Tough times ahead for private banks

Posted by BankInfo on Tue, May 29 2012 10:30 am

Banking sector in Bangladesh is undergoing a challenging phase due to a liquidity shortage, following a massive capital outflow that resulted in a stock market crash early last year and restricted the banking sector’s ability to finance large projects, according to a report of gulfnews.com, a web portal.

Some 77 banks and financial institutions serve the country’s financial sectors comprising four state-owned commercial banks, 30 commercial banks, nine foreign commercial banks, five specialised commercial banks and 29 non-banking financial institutions.

Most banks that had significant exposure to the stock market have been suffering from a liquidity crisis since January 2011 following the market crash. However, despite this, the government has issued permits to open nine new banks, three of which are to be set up by non-resident Bangladeshis (NRBs) — a sign of the growing importance of Bangladeshi expatriate wage earners.

“The banking sector will undergo a tough time for some time as the sector is witnessing a liquidity shortage. With the issuance of the nine new banking licences, the country might become ‘overbanked’,” Mahmoud Hussain, President and Managing Director of Bank Asia, told the Gulf News.

“Besides, the government’s excessive domestic borrowing has added pressure on us.”
Despite these factors, Bangladesh is steadily moving towards a higher growth path, said the International Monetary Fund (IMF).
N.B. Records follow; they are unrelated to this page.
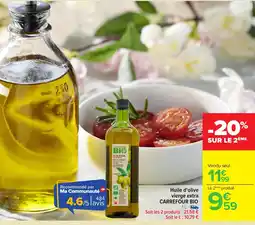 Carrefour CARREFOUR BIO Huile d'olive vierge extra offre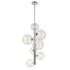 DVI Lighting Courcelette 7 Light Foyer in Chrome Finish Model: DVP27049CH-CL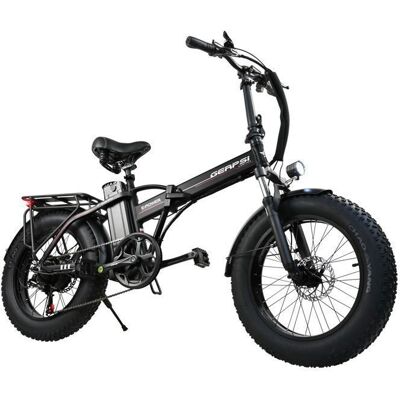 Vélo électrique pliable - MIPENSÉE - 20 Fat Tire - Moteur 48V/750W - Batterie amovible 48V13Ah - 7 vitesses Noir - Publicité Vélo électrique pliable - MIPENSÉE - 20 Fat Tire - Moteur 48V/750W - Batterie amovible 48V13Ah - 7 vitesses Noir - Publicité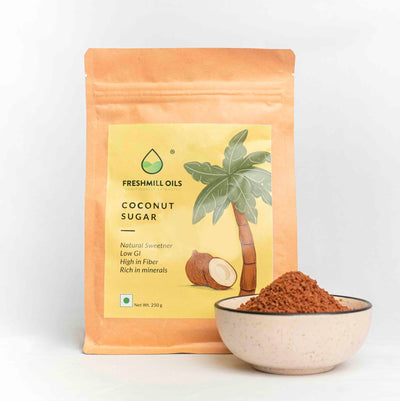 Nutrient Rich Coconut Sugar - 250G – Cooking & Baking Supplies on Brown Living™. SKU: CS250GM. Img 2.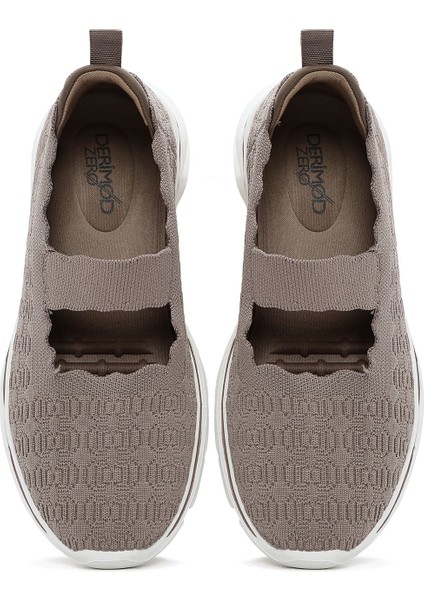 Zero Kadın Vizon Kumaş Sneaker 25SFE49506F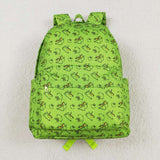 Cartoon Smile Green Christmas Backpack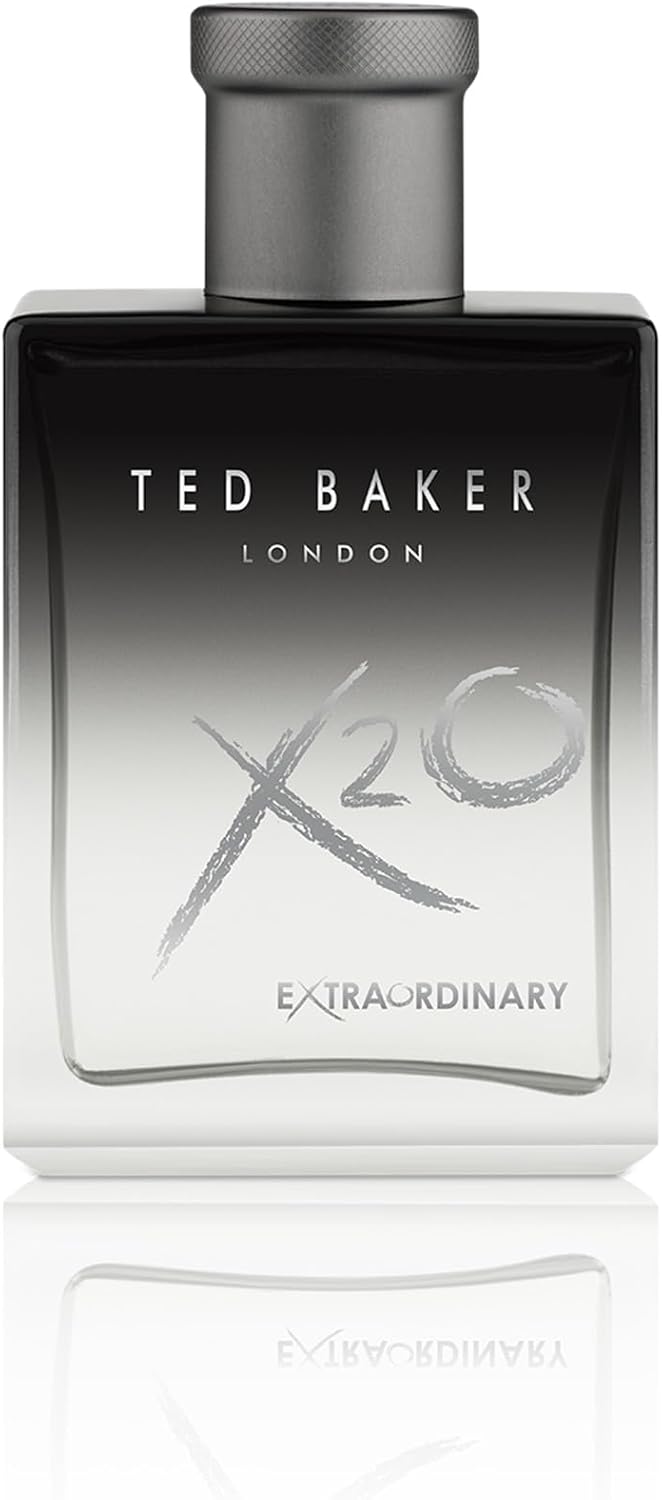 Ted Baker X20 Extraordinary Men’s Eau de Toilette, Oriental Spicy Fragrance with Tangerine, Cardamom, Lavender, Amber Long Lasting Masculine Scent For Him 100ml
“It has achieved an average annual growth rate of 6.2 per cent over the last five years; in particular — a growth rate of 6.1 and 6.7 per cent during FY10 [fiscal year] and FY11 respectively, despite the global economic slowdown [Bangladesh follows a July to June fiscal],” Arvind Virmani, IMF executive director for Bangladesh, said.

Hussain said every year banks collectively open about 200 branches across the country as more and more people are being brought into the banking service network. “As a result, the bankers’ mobility has gone up. However, due to the challenging factors, risks have gone up.”

Rapid growth in the banking sector and equity markets has strained supervisory capacity and heightened systemic risks, said a recent report by the IMF. The Bangladesh government recognises the importance of strengthening the financial sector to reduce risks and support growth, the IMF said.

“However, macroeconomic pressures have emerged since the last fiscal year. Inflation has been in double digits and fiscal pressure has escalated, mainly due to increased subsidy costs as global oil prices have sharply risen,” Virmani said.

Hussain said despite these challenges banks will continue to grow, although a careful approach is needed.